Les molesta que no compartamos su política de engaño y de violencia callejera y su fidelidad chavista, que no otra cosa fue el engaño sin misericordia que le recetaron al pueblo a propósito del referendo al TLC.
Se enojan de que a alguien le parezca hueco el manifiesto de marras. Y confunden nuestra diáfana posición. Nunca hemos pretendido ser columnistas imparciales. No nos gustan las medias tintas. Tenemos muy claro y transparente lo que queremos para nuestro país y cuando un gobierno lo impulsa, lo apoyamos sin comprometer nuestra independencia. Pero esto también molesta a nuestro atacante porque sabe que nos hemos apuntado a un Presidente ganador al que también han denigrado.
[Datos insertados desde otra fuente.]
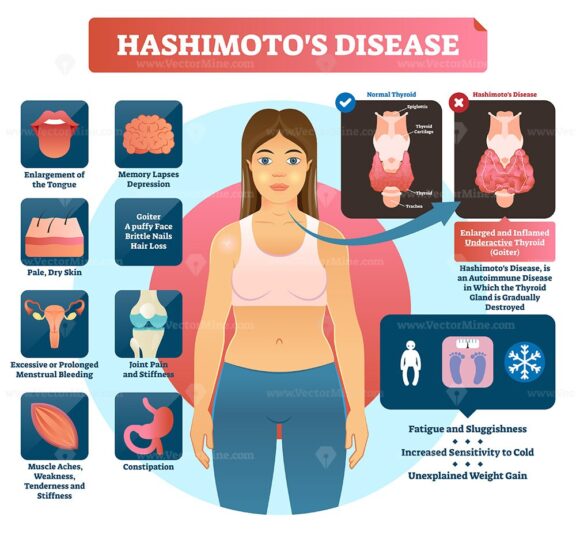 Hashimotos thyroiditis vector illustration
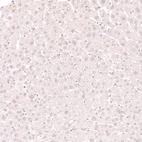 Immunohistochemical staining of human liver shows no positivity in hepatocytes as expected.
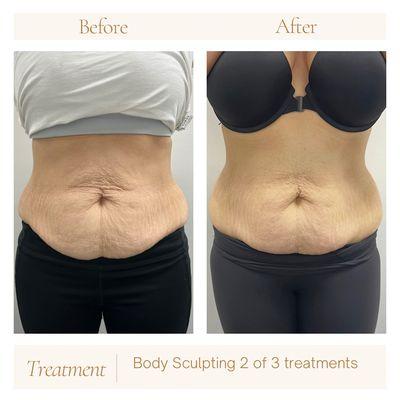 Ultrasound cavitation along with radio frequency and laser lipo- Body Sculpting package.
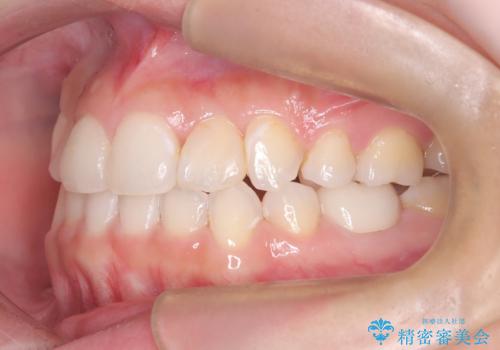 重度のガタガタを効率よく改善。ワイヤー矯正とインビザラインの併用治療の治療後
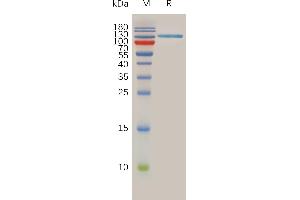 SPAM1 Protein (AA 36-482) (Fc Tag)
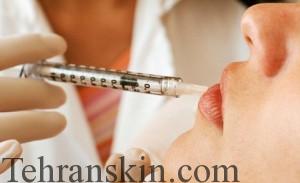  تزریق دارو به لایه های زیرین پوست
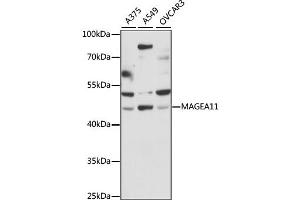 Western blot analysis of extracts of various cell lines, using MAGEA11 antibody (ABIN6290619) at 1:1000 dilution. (MAGEA11 抗体)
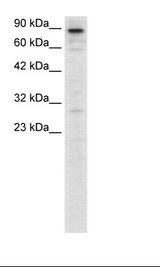 HepG2 Cell Lysate.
El insulso documento de don Ottón, a quien algún día erróneamente consideramos material elegible en Liberación, no es un trabajo para los anales patrios ni mucho menos. El que lo dijéramos enojó a su oficioso defensor, quien sugiere que nos gustan los documentos “light” (¿en inglés? My God!). Sí ese señor tuviera la más remota idea de lo que hay que estudiar a través de una larga vida- documentos, códigos, tratados, escritos y convenios catilinarios- para llegar a ser un abogado de buen nombre, catedrático de una universidad norteamericana y especialista en derecho tributario internacional, se daría cuenta de la simpleza de su gracejada. Pero bueno, el señor es diputado y en ese foro el estudio no es la norma.
No tenemos el menor interés de seguir adelante con esta estéril discusión. Hay temas nacionales mucho más importantes que abordar y a eso continuaremos dedicados. Sólo el respeto que nos merecen nuestros amigos y los muchos lectores que nos enviaron su apoyo nos motivó a sacar el ratito para desvirtuar este nuevo ataque a la libertad de disentir.